What is happening in other locations?

This morning, Governor Cuomo in New York announced that “now our focus is going to turn to our seniors, our facilities and to the infirm”.

We’ve seen what is happening in the state of Washington where an undiagnosed case has resulted in 6 deaths in a facility and many staff being exposed and quarantined. The entire facility is now a quarantine of its own, and the state has moved to purchase a motel to use as a medical quarantine, and may purchase other buildings.

Italy has said that protection of their seniors is paramount and is advising anyone 65 years of age and older to “stay inside for 2 to 3 weeks” as a precaution, saying 10% of patients with the active virus end up in intensive care and almost all of them are over 65. Giulio Gallera launches an appeal to the over 65s: “It is true that the pathology is widespread but 50% overcome it without realizing it and 40% has no serious problems. But there is a 10%, which is what goes to intensive care, and they are almost all people who are over 65. So I invite the elderly to go out as little as possible in the next two / three weeks.

From the American Health Care Association *

The AHCA, which represents 13,500 nonprofit and for-profit facilities for seniors and disabled people, issued updated guidelines Saturday, in response to the Washington outbreak. The new virus is thought to spread primarily via droplets in the air, and the guidelines largely echo strategies recommended to stem the spread of other respiratory viruses, such as influenza. That includes frequent hand sanitation among staff and visitors, grouping people who become ill in the same room or wing, and asking family members who are sick to avoid in-person visits.

How old is old?

In most senior centers, the age of 50 is the qualifying age – the same age as when you receive your first AARP magazine. Retirees are considered 65 – or 62. “Olds” are between 75 and 84, and old-olds are aged 85 and over.  

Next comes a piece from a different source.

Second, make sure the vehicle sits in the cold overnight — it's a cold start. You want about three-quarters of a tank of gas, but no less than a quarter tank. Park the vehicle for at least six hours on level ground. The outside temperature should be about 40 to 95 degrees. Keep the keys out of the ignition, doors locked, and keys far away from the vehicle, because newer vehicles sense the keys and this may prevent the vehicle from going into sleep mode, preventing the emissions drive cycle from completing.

From the RI Aging in Place report, “With the highest proportion of older adults aged 85 or older in the U.S., Rhode Island faces the challenge of a substantial minority of its population being at risk of serious health conditions that would impair their ability to age in place.”

RIDOH Update

Yesterday, there was an update by the RI Department of Health for the media, and much of the focus was on stats – how many kits are there, how many people have been tested, etc., followed by a focus on young people, schools, and children. There were no questions or information about special precautions for residential facilities for seniors or for the elderly population, specifically.

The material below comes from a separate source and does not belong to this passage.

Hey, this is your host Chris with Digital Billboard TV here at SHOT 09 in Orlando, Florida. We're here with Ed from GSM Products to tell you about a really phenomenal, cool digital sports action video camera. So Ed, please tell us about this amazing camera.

Will there be guidelines forthcoming for facility visitor and staff screenings – even temperature swipes? What will the testing and isolation protocols be for those patients who come down with a cold or the “flu” who are confined in a facility already? Will patients be provided protective masks to wear and be isolated in separate rooms or kept in the standard double bedrooms as most are now? (There are dozens of RISD students who have returned from Europe being isolated in their own single rooms in private hotels at the moment).

Why Coronaviruses Hit Older Adults Hardest

The AARP has published an article that details the science behind why viruses, particularly the coronavirus impacts seniors more severely than other populations:

Where’s the plan?

We hope Rhode Island will develop a plan specific to seniors. The time was weeks ago to have addressed this. We should not depend upon facility owners to be doing this, but rather develop uniform protocols and recommendations. In the case of coronavirus, it is especially deadly to seniors – time is of the essence. RINewsToday submitted questions about a plan, or advisories specific to seniors in Rhode Island to the RI Department of health at 10am yesterday, as additional questions were being welcomed. As of now we have had no response.

A nation’s greatness is measured by how it treats its weakest members – its most vulnerable.